====== Data

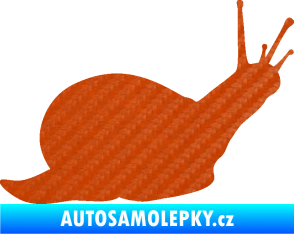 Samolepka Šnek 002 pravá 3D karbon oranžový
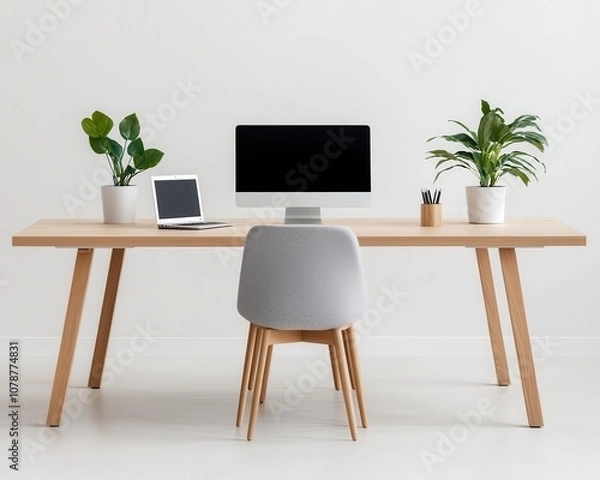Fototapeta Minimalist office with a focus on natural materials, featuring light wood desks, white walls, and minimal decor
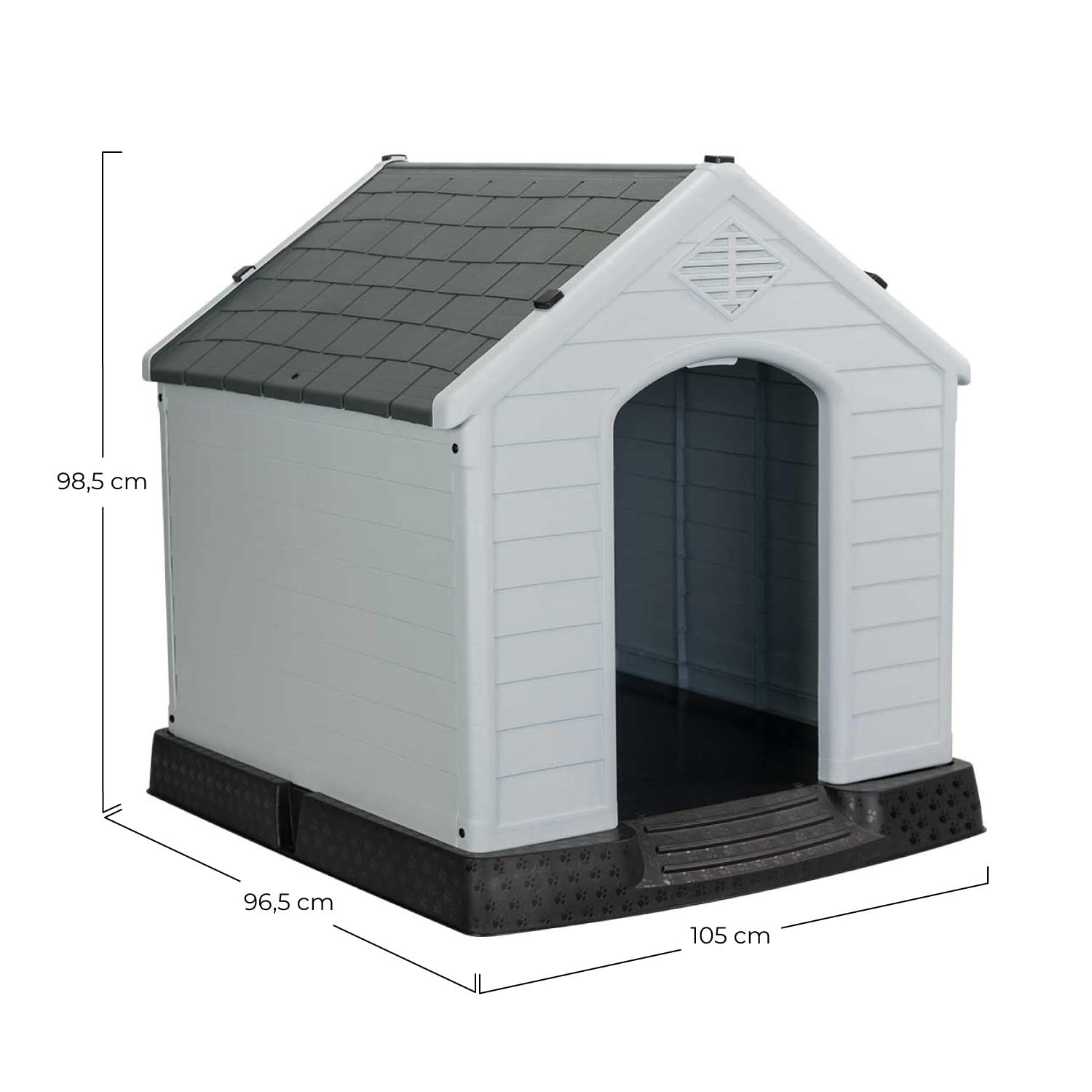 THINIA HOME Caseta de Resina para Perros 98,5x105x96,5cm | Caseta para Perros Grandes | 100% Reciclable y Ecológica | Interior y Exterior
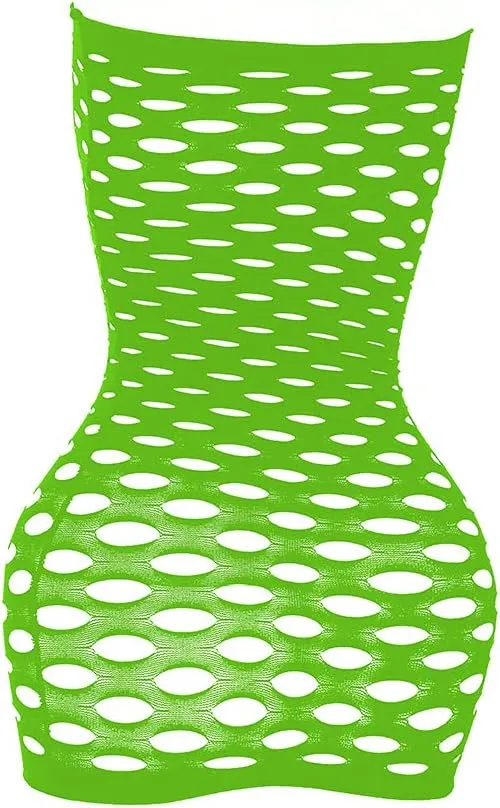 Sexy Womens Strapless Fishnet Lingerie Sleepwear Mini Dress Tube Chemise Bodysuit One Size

============

Instructions to follow
Before you return the listing exactly, strip out its pictures.

Answer
 Samolepka Šnek 002 pravá 3D karbon oranžový
Fototapeta Minimalist office with a focus on natural materials, featuring light wood desks, white walls, and minimal decor
 THINIA HOME Caseta de Resina para Perros 98,5x105x96,5cm | Caseta para Perros Grandes | 100% Reciclable y Ecológica | Interior y Exterior
 Sexy Womens Strapless Fishnet Lingerie Sleepwear Mini Dress Tube Chemise Bodysuit One Size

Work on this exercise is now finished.